NEWS OF 150 YEARS AGO
November/December 1859
From The Missouri Democrat, Thursday, November 10, 1859.
ANOTHER ARSENAL SACKED.
ANOTHER TOWN CAPTURED.
NO EXCITEMENT WHATEVER.
We copy from the Report of the Congressional Investigating Committee on Kansas affairs, the affidavit of Capt. Luther Leonard, concerning the capture and plundering of the United States military depot at Liberty, Mo., which, as the public are aware, did not elicit the least suspicion of treason among the authorities at Washington! The statement will be found in pages I, 129, 1, 130, and 1,131 of the Report aforesaid:
I am military storekeeper at the Missouri depot, Liberty, Missouri. I have been stationed there ten years last March, having charge of the arsenal, which contains arms and ammunition of all descriptions. On the 4th of December, 1855, my clerk, Mr. Grant, came from town and said there was some talk of their coming down to the arsenal to get arms, but he did not think they would do so. I took no measures of defence, as I never thought they would come, and my clerk told me he did not believe they would come. A little after noon, I saw Judge James T. V. Thompson in the arsenal yard, and I walked up to him, and greeted him civilly, and asked him to walk to my quarters. He declined going to my quarters, and said he would like to look about a little. I took him into the armorer’s shop first, and intended going all about with him. We had been there but a short time before I saw through the windows a number of people outside. I wished to go out and see what was going on. In the meantime, a number of men had slipped into the armory where we were. When I wished to go out, there were men at the door who told me very civilly I could not go. One of them was Mr. Bouton, my clerk’s (Mr. Grant) father-in-law. I took hold of him, and gave him a little push; but he said, good naturedly enough, it was of no use, as I could not go out. I told him I was an old man, with a dislocated shoulder, and but one eye, and I should not undertake to fight with them. I told Judge Thompson I thought it was poor business for the United States to build arsenals for a mob to break open.
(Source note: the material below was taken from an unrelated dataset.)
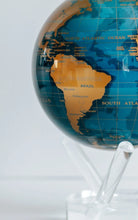 Load image into Gallery viewer, MOVA Globe - Blue & Gold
The judge and the others told me there were troubles in Kansas, and they wanted arms, but would do nothing wrong with them. I told the judge this was aggressive on the part of Missouri, and every community was competent to take care of its own affairs, and that the Missourians ought not to interfere. A good deal more was said on both sides, and I felt indignant at the aggression. The judge himself did not say an uncivil word to me. I had not expected any such thing as this when I first saw the judge, or I could have had the gates locked.
The mob proceeded to take arms, forcing the doors, and took three six-pounders, some swords, pistols, rifles and ammunition, powder, balls, &c., as much as they wanted. They broke some doors open. I do not know how they got the keys to get into the powder magazine, which is composed of brick, and had double doors. Captain Price was the leading man in the crowd, as I understood. Mr. Rout was there. I was kept in the room until the men had got all the arms and ammunition they wanted and had gone away-Judge Thompson being the last one when he let me go out, and then he left himself. Some six or eight days afterwards the guns were returned to the arsenal. They were left, I was told, at Colonel Allen’s place, some three-quarters of a mile from the arsenal. In the meantime I had reported the facts to Colonel Sumner, and he had sent down a company of dragoons. The men sent to me to know if I would receive the arms, and I told them I was not in command, and referred them to Captain Beall, and they told them to bring them along, and they did so, and they were received. Among the property taken was some artillery harness. I cannot recollect how many sets. There were some deficiencies in the number of rifles, swords, and pistols, and some harness returned, but I cannot state the precise particulars. These deficiencies have never been made up by the citizens of Missouri, but I have been instructed by Colonel Craig, the head of the ordnance department at Washington, to purchase sufficient of such articles to make up the deficiency, and we did so; but the swords, pistols and rifles we have not been able to make up. I do not know how much has been expended in making up this deficiency. Immediately after this robbery I reported the circumstances to Col. Craig at Washington, specifying the number and amount of each of the different articles taken. In the course of the winter he sent the orders to ship the public property to Fort Leavenworth and St. Louis arsenal, giving me a schedule of the amount to be take to each place, which I did as soon as navigation opened.
L. LEONARD, M. S. K.
Steamboat Polar Star, Missouri river, June 10, 1856.